Wild oats resistance could become next quandary for prairie farmers

Western Canadian farmers will have a tough time battling the next glyphosate resistant weed, says an expert.

Wild oats is the most likely candidate to follow resistant kochia, according to a risk assessment model developed by Hugh Beckie, a weed scientist with Agriculture Canada.

The same model successfully forecast kochia as Western Canada’s first glyphosate resistant weed.

The forecast came out in 2010, one year before the weed was discovered in a field in southern Alberta. It has since been detected in Saskatchewan and Manitoba.

Kochia is the only glyphosate tolerant weed in Western Canada, but the U.S. experience suggests others are sure to follow.

“Wild oats resistant to glyphosate would be a worst-case scenario,” Beckie said in an interview following his presentation at the 2014 Canola Discovery Forum.

“It’s really resistant to everything out there already. If you lose the efficacy of glyphosate, you really restrict your herbicide options to control that weed.”

Wild oats has a resistance risk assessment rating of 9.99 in the brown and dark brown soil zones (grassland region) and 7.83 in the black and grey soil zones (parkland region).

It is followed by green foxtail with a 6.54 rating in the grassland and 4.09 rating in the parkland.
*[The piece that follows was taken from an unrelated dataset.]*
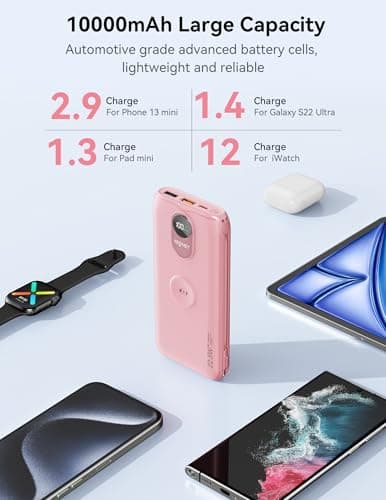 Portable Charger, 10000mAh 22.5W Fast Charging Power Bank with Built in Cable & Wall Plug, Travel Essential Battery Pack with LED Display, External Charger for iPhone 17/16, iWatch 11/10/9/8/Ultra/SE 4
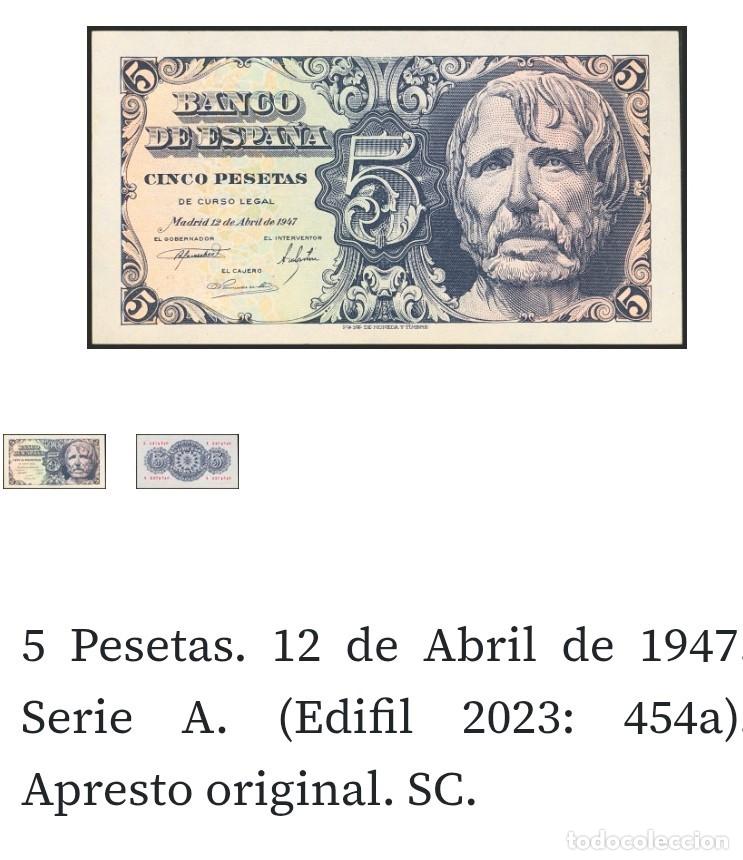 Billetes espa&ntilde;oles: 5 PTAS 12 DE ABRIL DE 1947 SERIE A SC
Cleavers are expected to be a close third in the parkland with a 4.05 rating. Wild buckwheat is the fourth likeliest candidate in the parkland at 3.01 and the third likeliest in the grassland at 2.71.

Beckie said wild buckwheat’s risk rating will rise dramatically with the anticipated 2016 introduction of Monsanto’s TruFlex Roundup Ready canola.
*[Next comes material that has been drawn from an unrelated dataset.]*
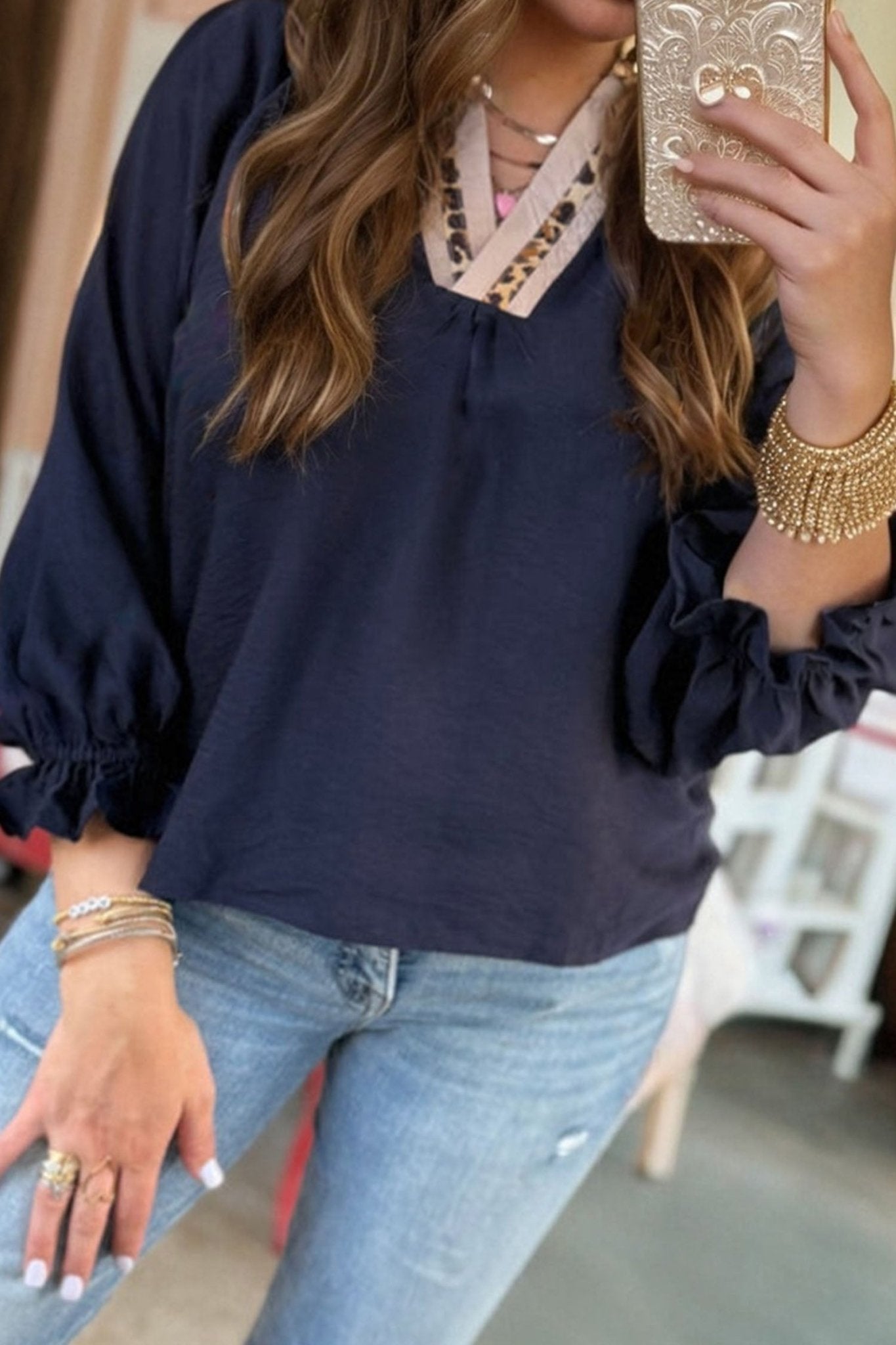 Plus Size Leopard Contrast Collar Long Sleeve Blouse - Rooted & Reckless Co.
Wild buckwheat is more tolerant to glyphosate than other annual weeds. It is hard to control at today’s recommended application rates.

TruFlex canola will allow growers to use higher rates of the chemical over a wider window of application.

Monsanto’s new Roundup Ready trait will make the weed more susceptible to the most popular herbicide used in Western Canada, but it will also increase resistance selection pressure in weed populations.

“The risk rate is going to increase substantially, and it is our most abundant weed, so that’s one to watch,” said Beckie.

Joe Vink, weed management technical lead with Monsanto Canada, doesn’t think higher rates of herbicide and a longer window of application will result in glyphosate resistant buckwheat.

“I don’t think that necessarily drives the evolution of glyphosate resistance,” he said.

“For me, it’s more the frequency of application and just total over-reliance on one herbicide mode of action.”

Vink said growers need to use best management practices such as crop diversification and tank mixing to combat the resistance problem.

“It would be really, really nice if we had other herbicides available in canola to tank mix with Roundup Ready, but there are very limited options at this point,” he said.

Beckie said the last new herbicide mode of action was 32 years ago and a new one is at least another 10 years away.

Canola has been a key weapon in combatting weed resistance in Western Canada. Canola hybrids are good at fighting weeds, and the herbicides used on canola contain two modes of action that are not used widely in other crops: glyphosate and glufosinate.

Glyphosate resistance is a serious threat to western Canadian crop production because growers rely so heavily on the chemical. More glyphosate was sold in Western Canada in 2012 than the next 12 most popular active ingredients combined.